Generalized Quantization Principle in Canonical Quantum Gravity and Application to Quantum Cosmology

TL;DR

This paper introduces a generalized quantization principle for canonical quantum gravity inspired by the generalized uncertainty principle, leading to modified constraints and a new form of the Wheeler DeWitt equation, with applications to quantum cosmology.

Contribution

It proposes a novel generalized quantization framework for quantum gravity, extending the operator representations and constraints, and applies it to solve a modified Wheeler DeWitt equation in quantum cosmology.

Findings

Derived a generalized Wheeler DeWitt equation for quantum cosmology.

Solved the generalized equation using Sommerfeld's polynomial method.

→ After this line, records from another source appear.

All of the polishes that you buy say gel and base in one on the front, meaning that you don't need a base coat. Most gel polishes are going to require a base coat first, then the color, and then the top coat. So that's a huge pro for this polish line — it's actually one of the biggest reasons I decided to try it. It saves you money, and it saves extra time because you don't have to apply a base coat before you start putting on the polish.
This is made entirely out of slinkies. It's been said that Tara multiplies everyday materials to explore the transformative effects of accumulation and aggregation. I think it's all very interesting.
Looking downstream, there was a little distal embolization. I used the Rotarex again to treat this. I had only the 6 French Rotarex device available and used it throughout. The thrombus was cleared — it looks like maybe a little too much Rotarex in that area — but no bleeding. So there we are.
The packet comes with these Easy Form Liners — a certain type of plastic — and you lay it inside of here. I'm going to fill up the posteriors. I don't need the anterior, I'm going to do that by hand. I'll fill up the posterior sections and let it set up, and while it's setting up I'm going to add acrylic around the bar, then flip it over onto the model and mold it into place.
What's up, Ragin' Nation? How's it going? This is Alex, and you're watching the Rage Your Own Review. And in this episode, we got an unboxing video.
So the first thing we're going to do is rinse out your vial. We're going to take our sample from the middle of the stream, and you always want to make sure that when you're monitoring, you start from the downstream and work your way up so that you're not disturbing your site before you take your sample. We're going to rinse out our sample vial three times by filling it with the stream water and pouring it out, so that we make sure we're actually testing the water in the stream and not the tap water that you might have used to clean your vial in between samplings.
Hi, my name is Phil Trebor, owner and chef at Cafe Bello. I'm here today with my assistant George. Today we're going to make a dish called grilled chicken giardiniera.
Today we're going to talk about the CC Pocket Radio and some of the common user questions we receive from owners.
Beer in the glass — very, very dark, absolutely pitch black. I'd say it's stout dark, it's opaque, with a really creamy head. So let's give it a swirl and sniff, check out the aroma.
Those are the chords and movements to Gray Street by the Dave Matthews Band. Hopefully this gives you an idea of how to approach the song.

Showed implications of the generalized quantization on quantum gravitational dynamics.

Abstract

In this paper is considered a generalized quantization principle for the gravitational field in canonical quantum gravity, especially with respect to quantum geometrodynamics. This assumption can be interpreted as a transfer from the generalized uncertainty principle in quantum mechanics, which is postulated as generalization of the Heisenberg algebra to introduce a minimal length, to a corresponding quantization principle concerning the quantities of quantum gravity. According to this presupposition there have to be given generalized representations of the operators referring to the observables in the canonical approach of a quantum description of general relativity. This also leads to generalized constraints for the states and thus to a generalized Wheeler DeWitt equation determining a new dynamical behaviour. As a special manifestation of this modified canonical theory of quantum gravity there is explored quantum cosmology. The generalized cosmological Wheeler DeWitt equation corresponding to the application of the generalized quantization principle to the cosmological degree of freedom is solved by using Sommerfelds polynomial method.